So it seems to me that as long as you are under the 40 sq m, you could design a garage conversion to have say a shower room/small kitchen and legitimately include that space under rent a room?


----------



## onekeano (19 Apr 2017)

Bronte said:


> The borrowing costs are important, ie the interest rate.  We have currently historically the lowest rates.  But not sure if you can get good rates for investment properties, or if you need a higher interest rate.  Also your son might have a problem even getting a loan. We have had posters on here who live abroad and couldn't get them.
> 
> One other word of caution, are you getting your son on the ladder or is he at all interested.  What happens if he meets a significant other and never comes back.



Thanks for that Bronte. I did check about the funding and it is possible - might depend on the LTV but I guess if you're putting up a half or thereabouts they should be interested. Had a call with these folks www.newmoney.ie and they were interested - rates vary from 4.5% to 5.25%, this company also does interest only (which is not the goal but just FYI).

I take your point on a possible significant other coming out of the woodwork   but at least he'd have the option to cash in and convert his equity to US$ and he'd be on the ladder over there.


----------



## Bronte (20 Apr 2017)

Thirsty I believe Leo is correct.  I have a granny flat.  Currently unused.  I went to get planning to convert the space into a two story extension to create a separate unit and I did not apply for it as such, just as an extension to the family home.  I did that precisely because I knew I wouldn't get permission as a separate unit.  It's what many people do.  Just so you know.  If you're selling you just don't sell it as a separated house.  (that's why you make sure you have an internal way to get into it (in my case I plastered up the door, neither the house nor the flat know it exists there behind the cooker !).  I've often seen houses being sold with granny flats but the majority of them have no planning.  As my flat is now there more than 20 years there is nothing the council can do to me about it. 

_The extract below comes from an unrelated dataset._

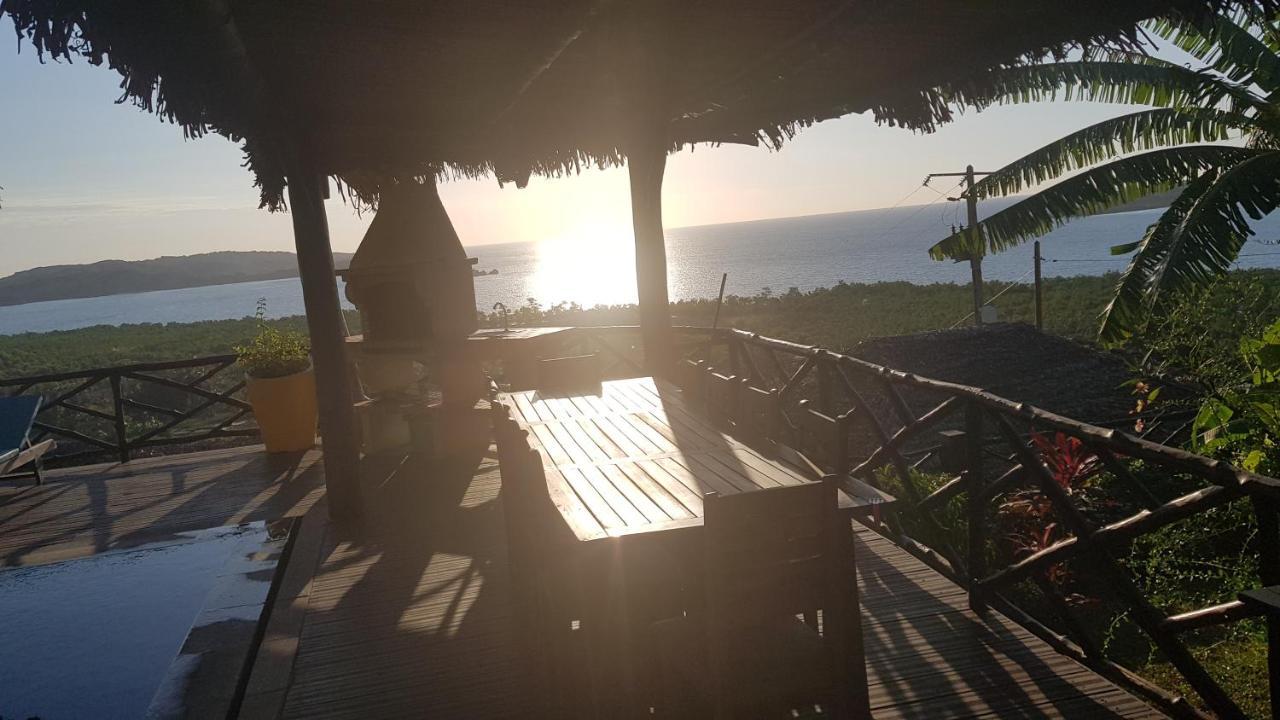 villa nosy détente Exterior foto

Others, like Leo, would not counsel people to go down this route.  You'll find it next on impossible to get permission though.  (Leo might confirm).

Rent a room

As long as the structure is part of the house, ie basement flat or converted attached garage it qualifies.  A chalet in the garden does not.


----------



## Bronte (20 Apr 2017)

onekeano said:


> Thanks for that Bronte. I did check about the funding and it is possible - might depend on the LTV but I guess if you're putting up a half or thereabouts they should be interested. Had a call with these folks www.newmoney.ie and they were interested - rates vary from 4.5% to 5.25%, this company also does interest only (which is not the goal but just FYI).
> 
> I take your point on a possible significant other coming out of the woodwork   but at least he'd have the option to cash in and convert his equity to US$ and he'd be on the ladder over there.

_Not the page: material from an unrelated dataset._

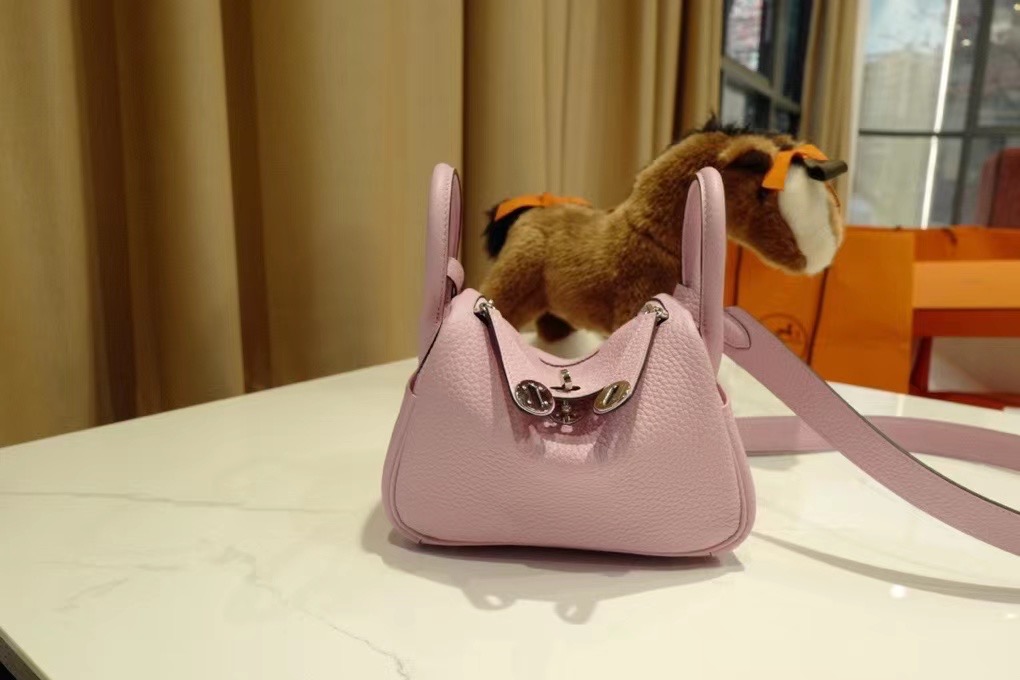 Saudi Arabia HM LD mini 3Q Rose Sakura 新粉色 Clemence TC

I would worry about such a lender.  As you know on AAM you get varying viewpoints.  Many posters are against the idea of investment properties.  As you also know, I am not.  It's all I know about and I can assure you that as I know knowthing about 'investing/shares' etc and it has been my experience that I made the right decisions for me.  I've seen the highs and the low, the bad tenants, the nightmare tenant and the mostly excellent tenants.  To me at the end of the day, if the property is giving a good return and is ticking away there in the back ground nearly paying for itself eventually you get to own it and you are then your own person.  Your son's money might as well be going somewhere he will have something to show for it as spending it on flippers in NY.  BUT you must do the sums.  When I stared out interest rates were in double digits for some people.  And property can indeed go up as well as down.


----------



## Thirsty (20 Apr 2017)

> As long as the structure is part of the house, ie basement flat or converted attached garage it qualifies


I believe we are saying the same thing.  You can add an extension/convert a garage or attic and achieve a 'granny flat' set up without planning as long as its under 40 sq m; and that set up qualifies under rent a room.


----------



## Leo (20 Apr 2017)

Thirsty said:


> Not to be starting an argument, but I wonder if that's the case?
> 
> from Revenue's leaflet
> 
> ...



So Revenue don't exclude it from the scheme as older self-contained until would not be subject to the planning issues, and planning compliance isn't in their remit. Since at least 2001 (and probably earlier versions of the acts), it has been illegal to sub-divide a property to create a granny-flat without full planning permission being obtained. Any planning I have seen granted for granny-flat type units includes as a condition that it never be let or occupied by non-family members. In Dublin, you must provide the Council with details of who will occupy the flat and justify their needs. The planning generally states that once the need for a granny-flat no longer exists, the unit must be merged back into the main house.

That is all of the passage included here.